In this chapter, we present a few examples of Tornado web applications that make use of a database. We’ll begin with a simple RESTful API example, then move on to creating a fully functional version of the Burt’s Books website introduced in Templates in Practice: Burt’s Books.

The examples in this chapter use MongoDB as the database, and pymongo as the Python driver to connect to MongoDB. There are, of course, many database systems that make sense for use in a web application: Redis, CouchDB, and MySQL are a few well-known options, and Tornado itself ships with a library for wrapping MySQL requests. We choose to use MongoDB due to its simplicity and convenience: it’s easy to install and integrates well with Python code. Its schemaless nature makes it unnecessary to predefine your data structures, which is great for prototyping.

We’re assuming in this chapter that you have a MongoDB installation running on the machine where you’re running the example code, but it’s easy to adapt the code to use with MongoDB running on a remote server. If you don’t want to install MongoDB on your machine, or if there isn’t a MongoDB binary for your operating system, there are a number of hosted MongoDB services you can use instead. We recommend MongoHQ. In our initial examples, we’ll assume that you have MongoDB running locally on your machine, but it’s easy to adapt the code to use with MongoDB running on a remote server (including MongoHQ).

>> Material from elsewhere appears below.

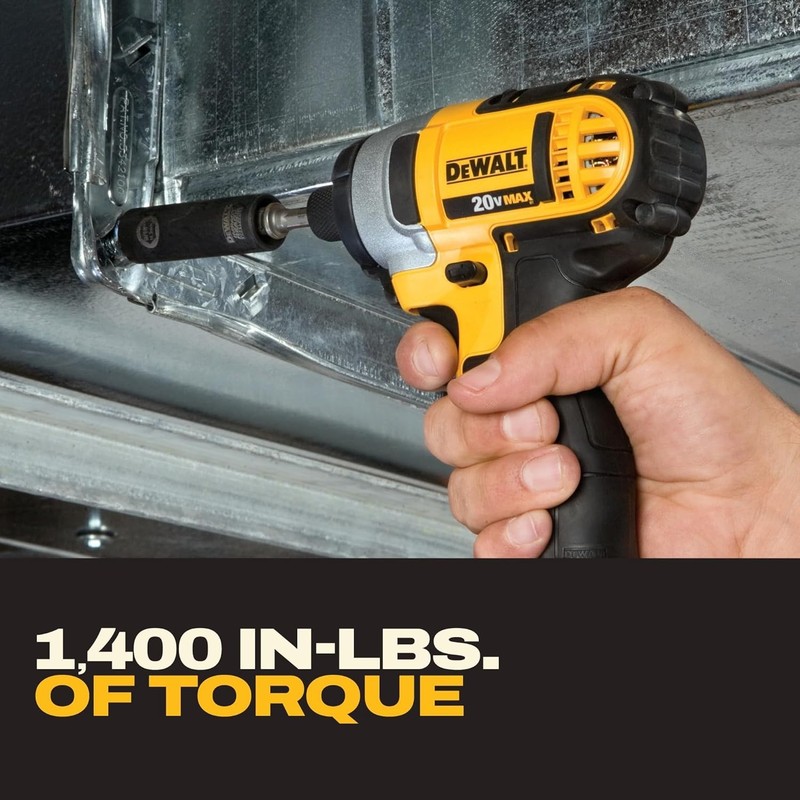 DEWALT DCK240C2 20V MAX Drill Impact Driver Combo Kit 2 Batteries Charger gallery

We’re also assuming you have some experience with databases, though not necessarily any experience with MongoDB in particular. Of course, we’re only able to scratch the surface of what’s possible with MongoDB here; be sure to consult the MongoDB documentation (http://www.mongodb.org/display/DOCS/Home) for more information. Let’s begin!

Basic MongoDB Operations with PyMongo

Before we can write a web application that uses MongoDB, we need to learn how to use MongoDB from Python. In this section, you’ll learn how to connect to MongoDB with PyMongo, then how to use pymongo to create, retrieve, and update documents in a MongoDB collection.

PyMongo is a simple Python library that wraps the MongoDB client API. You can download it here: http://api.mongodb.org/python/current/. Once you have it installed, open an interactive Python session and follow along.

Establishing a Connection

First of all, you need to import the PyMongo library and create a connection to a MongoDB database.

>>> import pymongo
>>> conn = pymongo.Connection("localhost", 27017)

The preceding example shows how to connect to a MongoDB server running on your local machine, on the default MongoDB port (27017). If you’re using a remote MongoDB server, replace localhost and 27017 as appropriate. You can also connect to MongoDB using a MongoDB URI, like so:

>>> conn = pymongo.Connection(
... "mongodb://user:password@staff.mongohq.com:10066/your_mongohq_db")

The preceding code would connect to a database called your_mongohq_db hosted on MongoHQ, using user as the username and password as the password. Read more about MongoDB URIs here: http://www.mongodb.org/display/DOCS/Connections.

A MongoDB server can have any number of databases, and the Connection object lets you access any of the databases on the server you’ve connected to. You can get an object representing a particular database either with an attribute of the object, or by using the object like a dictionary. If the database doesn’t already exist, it will be automatically created.

>>> db = conn.example or: db = conn['example']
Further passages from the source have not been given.